American actress and voice actress (1978–2020)

Brett Madden (September 22, 1978 – September 19, 2020), also known by her married name Brett Barcroft Madden Kelly, was an American actress and voice actress. She is best known for her voice and likeness role as Alice Wake in the Remedy Entertainment video games Alan Wake, Alan Wake: The Signal, Alan Wake: The Writer and Alan Wake's American Nightmare.

== Early life and education ==
Brett Barcroft Madden was born on September 22, 1978, in Hartford, Connecticut, U.S. She was the great-granddaughter of George G. Blaisdell, the founder of the Zippo Manufacturing Company.

She attended the Community School of Naples, Florida, and Bradford Central Christian High School in Pennsylvania, where she participated in basketball, cheerleading, ski club, and drama club. Madden graduated from the Taft School, a preparatory school in Watertown, Connecticut, in 1996. At Taft, she played on the varsity field hockey team and was an art editor for the school's annual publication. She was a talented artist and spent much of her free time in the art studio.
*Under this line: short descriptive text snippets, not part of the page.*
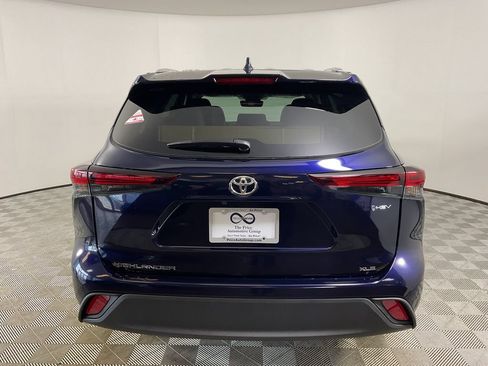 New 2026 Toyota Highlander XLE AWD/4WD image 7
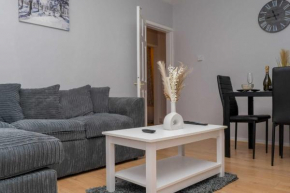 Cosy 2 bedroom home in Coventry
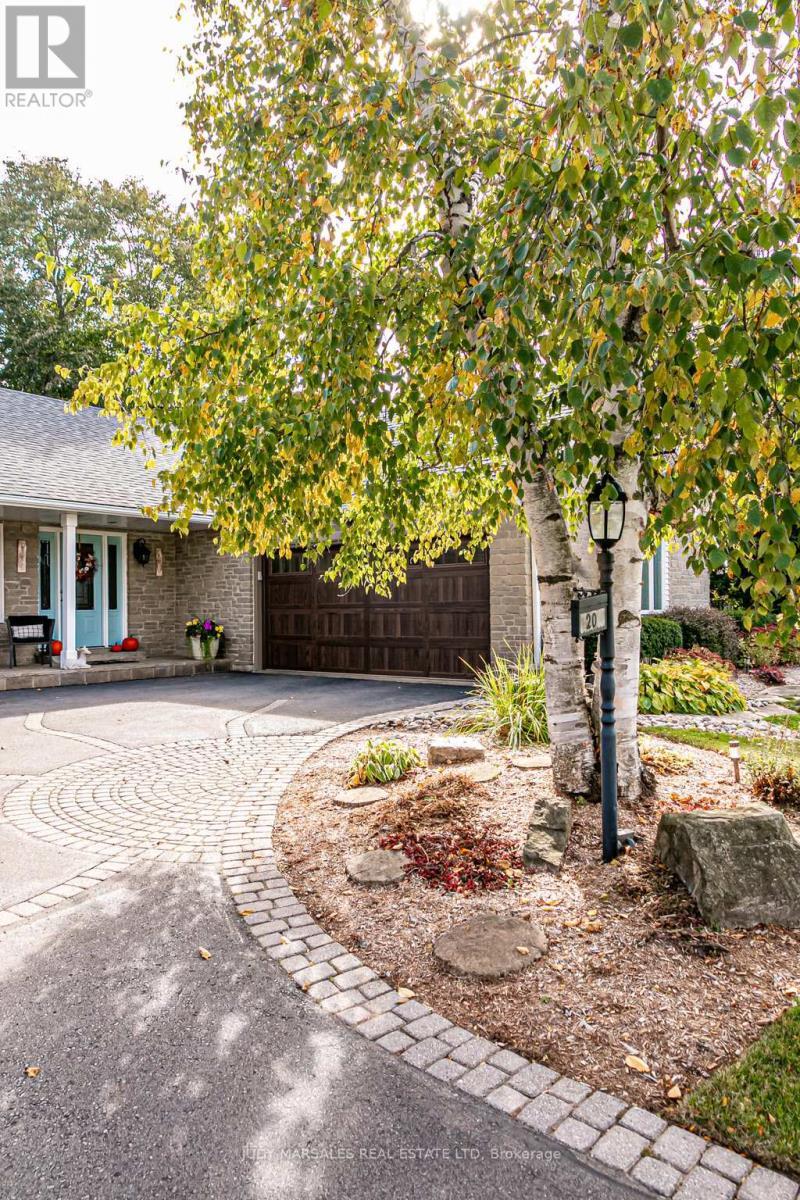 20 Meander Close, Hamilton, ON - Outdoor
Madden attended the University of Vermont (UVM), graduating in 2000 with a major in Studio Art and a minor in Theatre. She studied art in Florence, Italy, during her time at UVM and was a cast member in a production of The Elephant Man during her junior year. Concurrently, she participated in summer acting workshops at the Stella Adler Studio of Acting in New York City.

== Career ==
Madden's early professional experience included internships at Zippo Manufacturing Company from 1994 to 1996. From 2004 to 2006, she worked at MacGuffin Films, starting as a receptionist and later becoming a production supervisor.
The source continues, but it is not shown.